### WHAT THE TASK REQUIRES
In the material below, find the span from the line with "2021 Nissan Versa" to the line with "Fototapeta premium Variety" and transcribe only those lines, exactly, ends included, without the pictures.
****
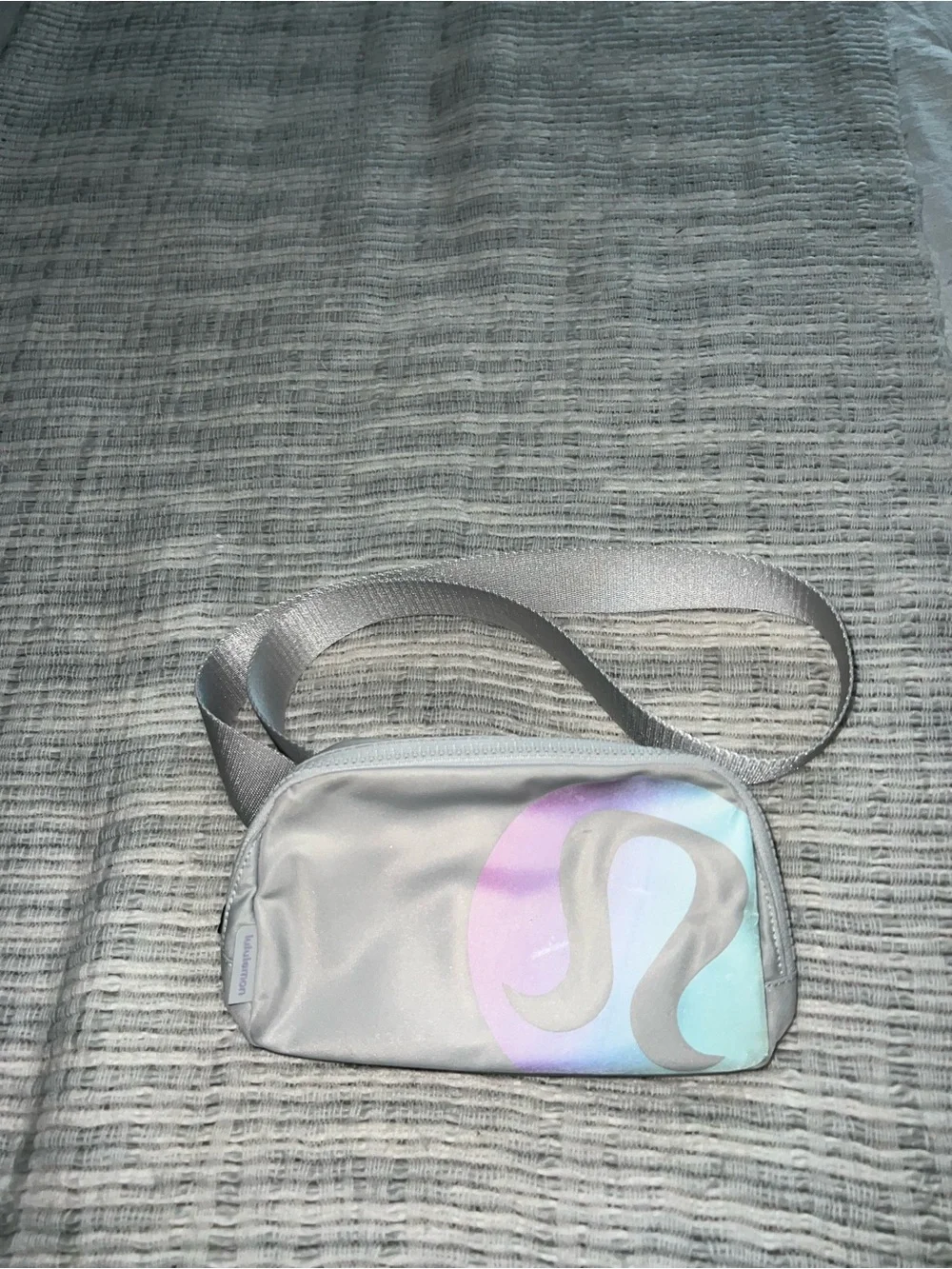 lululemon athletica Silver Iridescent Crossbody Bag with Pastel Logo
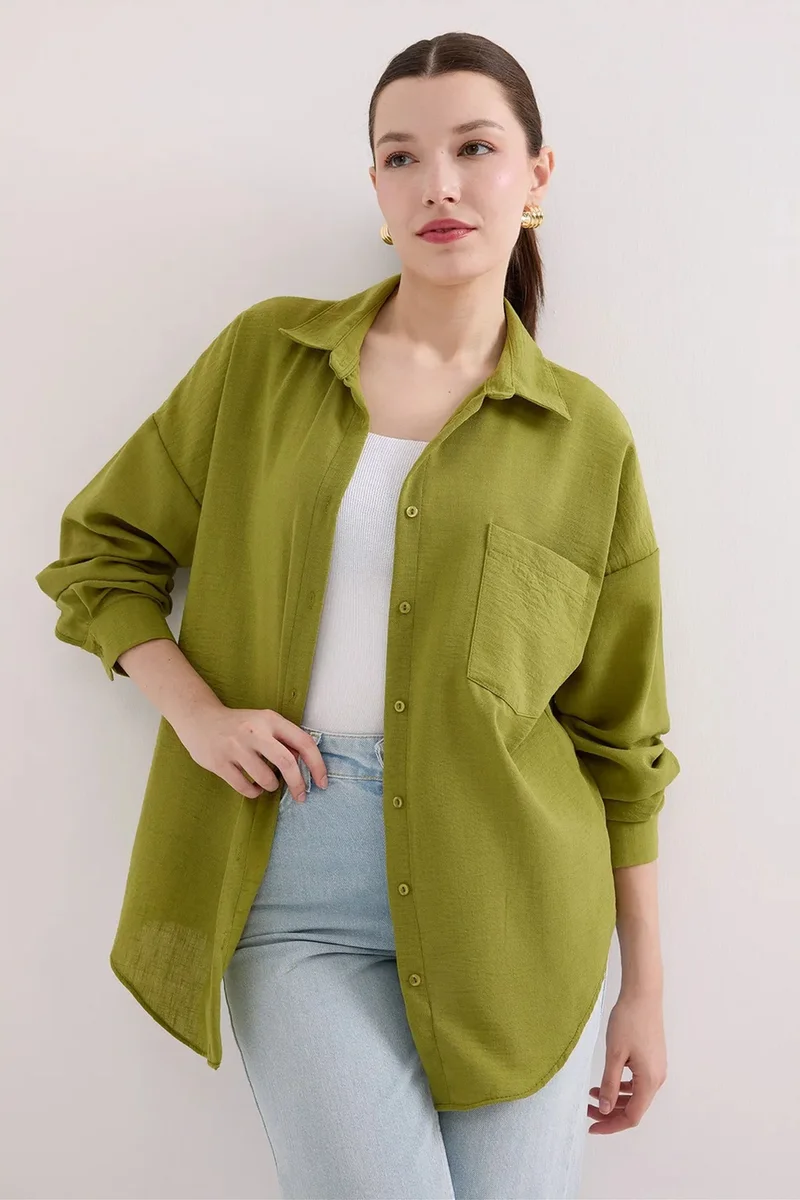 Big Dart BDART Linen Blended Shirt with Button Closure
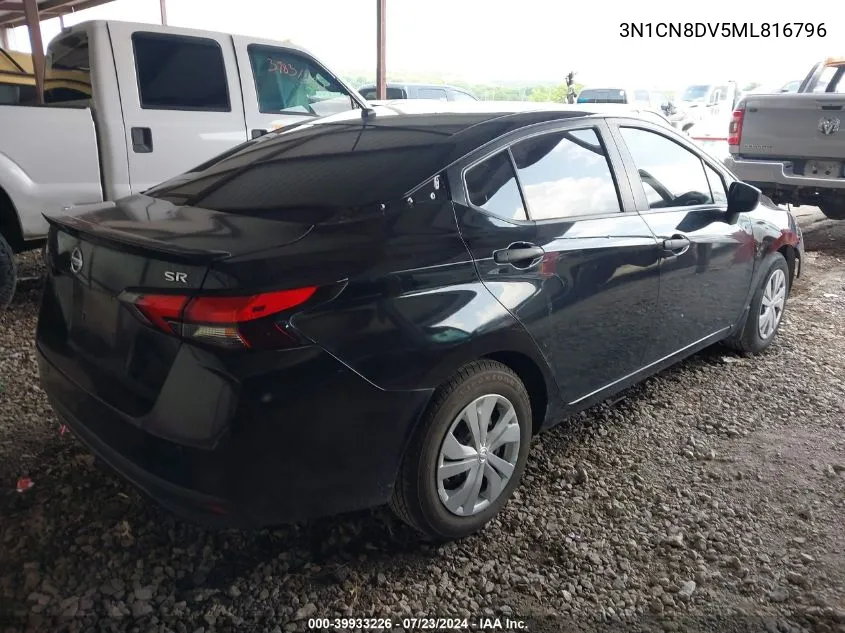 2021 Nissan Versa S Xtronic Cvt VIN: 3N1CN8DV5ML816796 Lot: 39933226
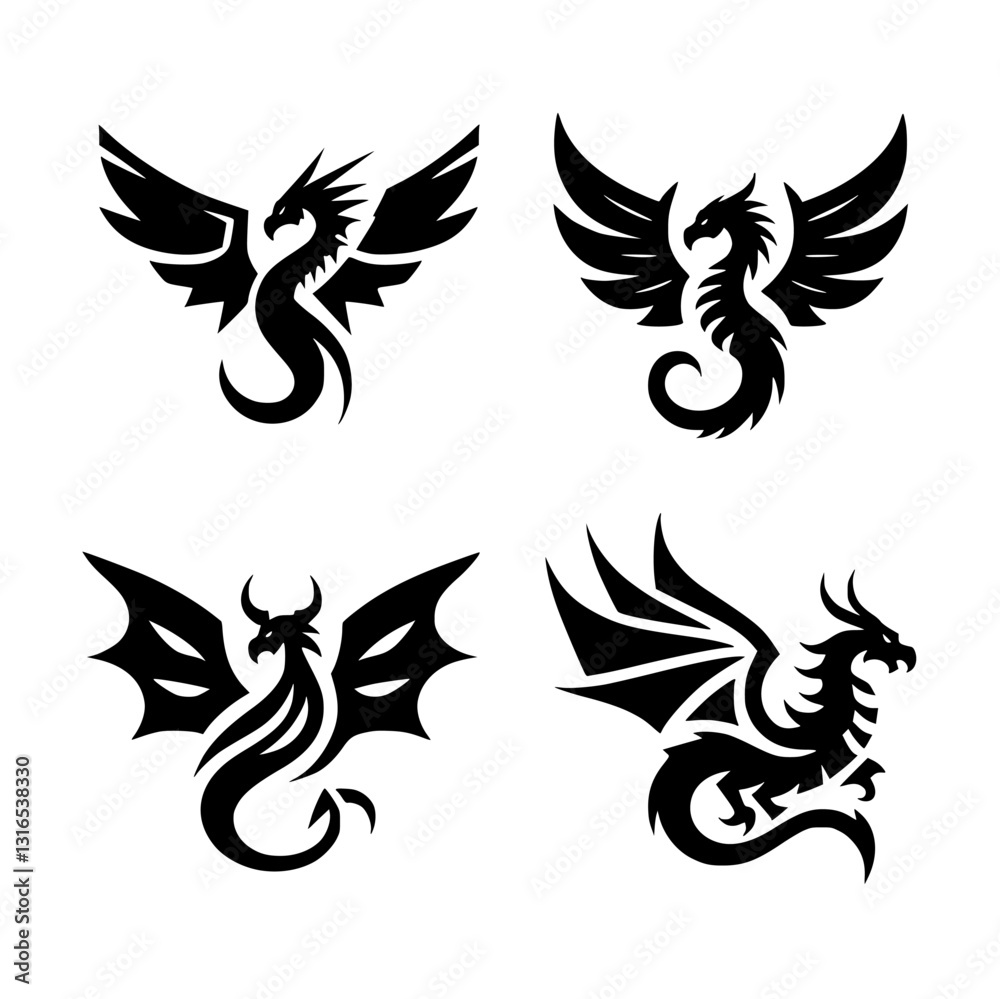 Fototapeta premium Variety of Black Dragon Logo Icons Showcasing Diverse Artistic Styles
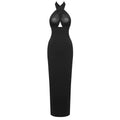 Long Ribbon Sexy V-Neck Sleeveless Halter Black Mini Ankle length Woman Birthday Party Dress Celebrity Evening Party Outfit black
****
### TASK SOLUTION
 2021 Nissan Versa S Xtronic Cvt VIN: 3N1CN8DV5ML816796 Lot: 39933226
 Fototapeta premium Variety of Black Dragon Logo Icons Showcasing Diverse Artistic Styles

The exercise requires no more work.